→ **DATA EXCERPT**:
__________________________________________________

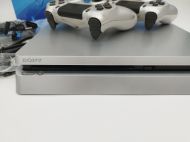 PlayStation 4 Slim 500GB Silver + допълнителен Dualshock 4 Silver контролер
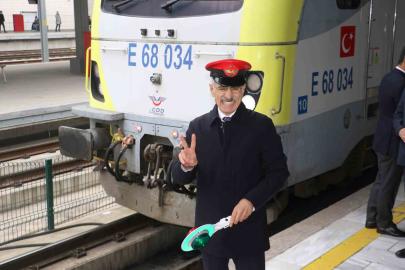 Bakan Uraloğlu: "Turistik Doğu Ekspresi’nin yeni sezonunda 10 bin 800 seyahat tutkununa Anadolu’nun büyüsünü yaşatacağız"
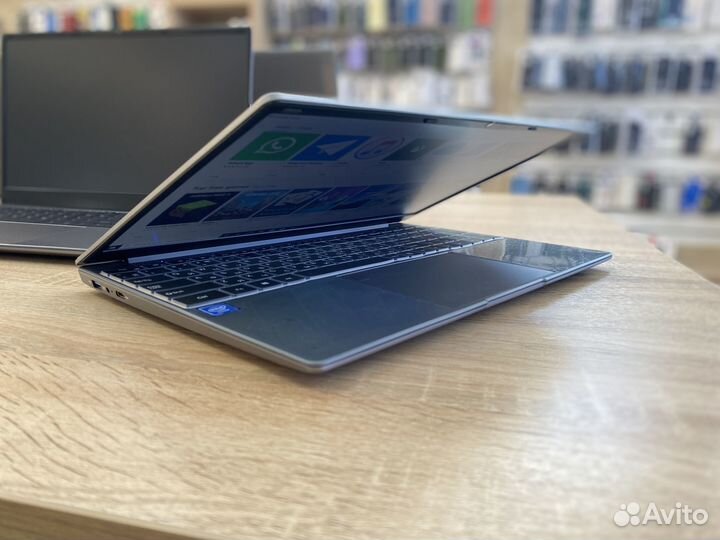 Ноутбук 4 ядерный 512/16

__________________________________________________

→ **DIRECTIONS**:
Could you copy the listing exactly, leaving out any pictures?

→ **RESPONSE FOR THIS EXERCISE**:
 PlayStation 4 Slim 500GB Silver + допълнителен Dualshock 4 Silver контролер
 Bakan Uraloğlu: "Turistik Doğu Ekspresi’nin yeni sezonunda 10 bin 800 seyahat tutkununa Anadolu’nun büyüsünü yaşatacağız"
 Ноутбук 4 ядерный 512/16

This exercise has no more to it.